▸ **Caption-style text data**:

────────────────────────────────────────

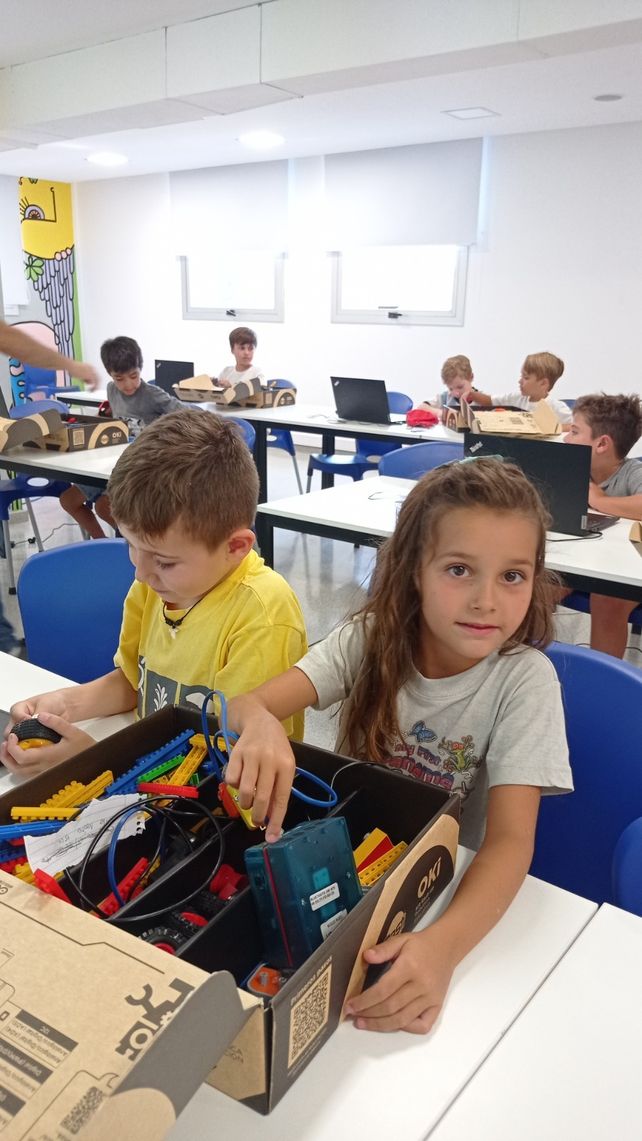 Enseñar tecnología y ciencia de forma divertida, una exitosa apuesta de la provincia de Santa Fe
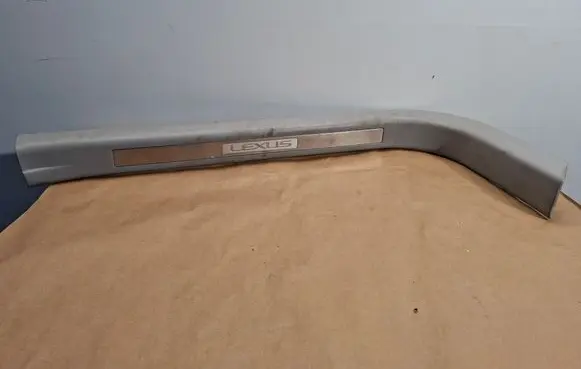 Lexus RX 300 Front sill trim cover 6791048020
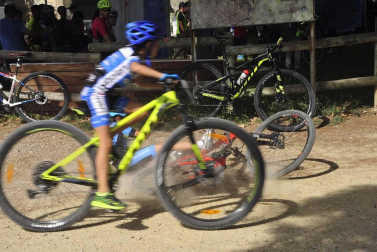 Todas las fotos del XI Open Villa de Peralta disputado este sábado, primera prueba del XXVI Open Diario de Navarra de BTT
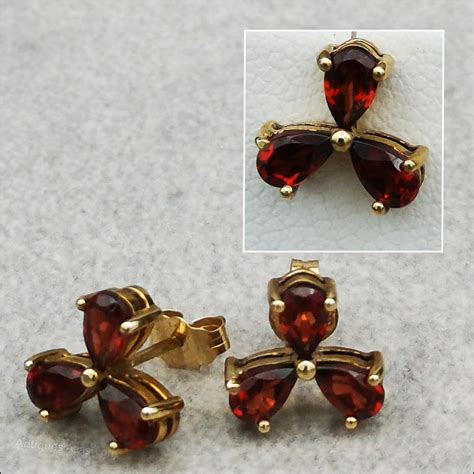 Antiques Atlas 9ct Gold Garnet Stud Earrings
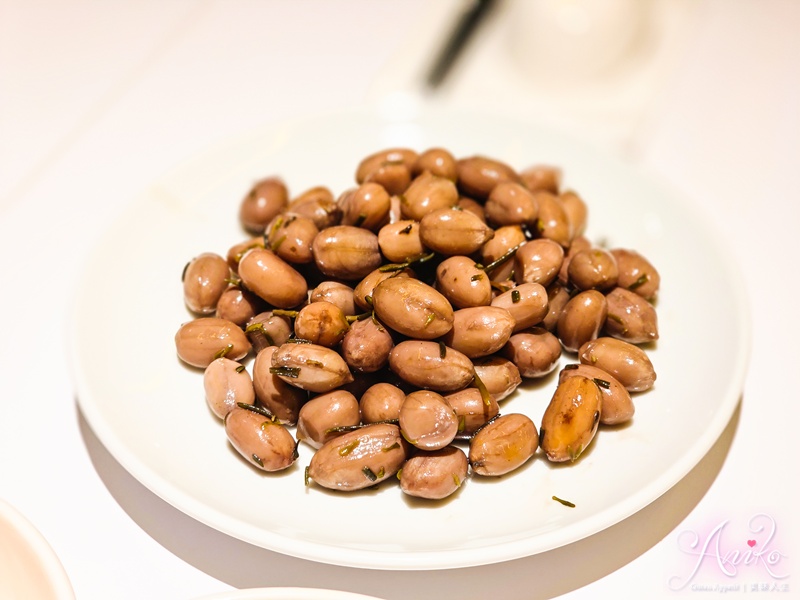 【台北美食】孫麵店。台北預約困難喜相逢私廚新品牌麵館！插旗信義新光三越A11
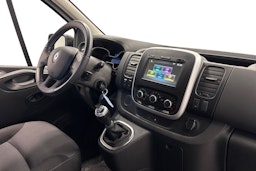 valkoinen Renault Trafic 2022 kuva 10.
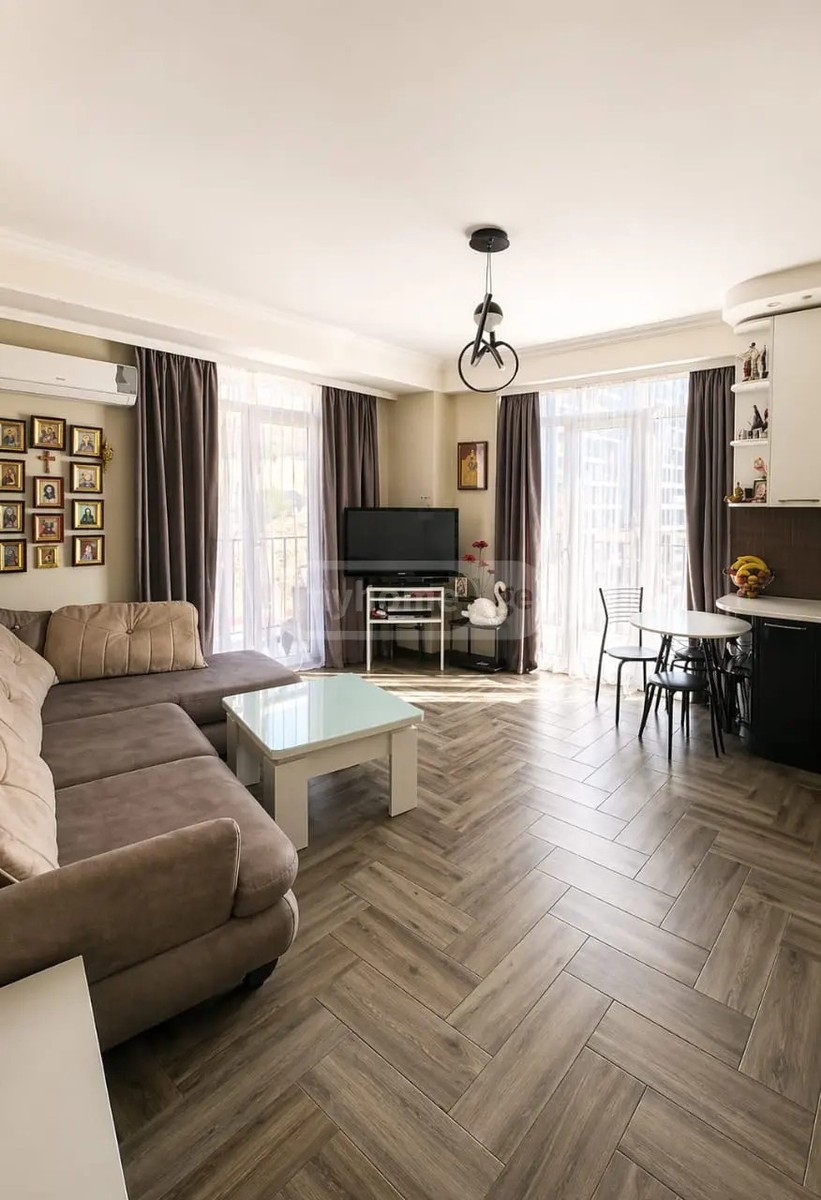 ამაშუკელი ე. ქ. 22 - 4 rooms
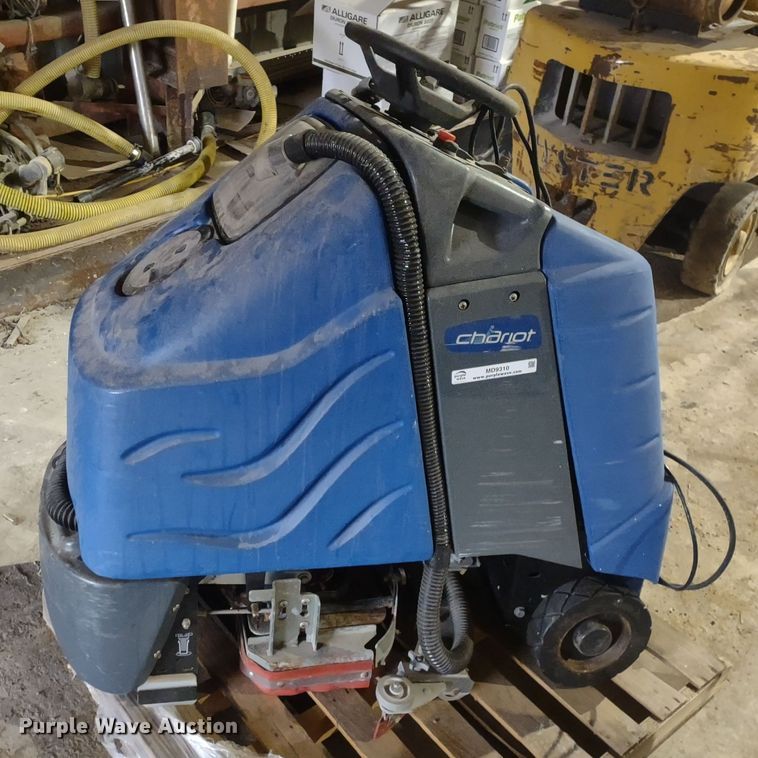 image for item MD9310 Windsor Chariot CSX24  floor scrubber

────────────────────────────────────────

▸ **TASK BRIEF**:
Return each line of the data, keeping its wording exact and omitting pictures.

▸ **SOLUTION FOR THIS EXERCISE**:
 Enseñar tecnología y ciencia de forma divertida, una exitosa apuesta de la provincia de Santa Fe
 Lexus RX 300 Front sill trim cover 6791048020
 Todas las fotos del XI Open Villa de Peralta disputado este sábado, primera prueba del XXVI Open Diario de Navarra de BTT
 Antiques Atlas 9ct Gold Garnet Stud Earrings
 【台北美食】孫麵店。台北預約困難喜相逢私廚新品牌麵館！插旗信義新光三越A11
 valkoinen Renault Trafic 2022 kuva 10.
 ამაშუკელი ე. ქ. 22 - 4 rooms
 image for item MD9310 Windsor Chariot CSX24  floor scrubber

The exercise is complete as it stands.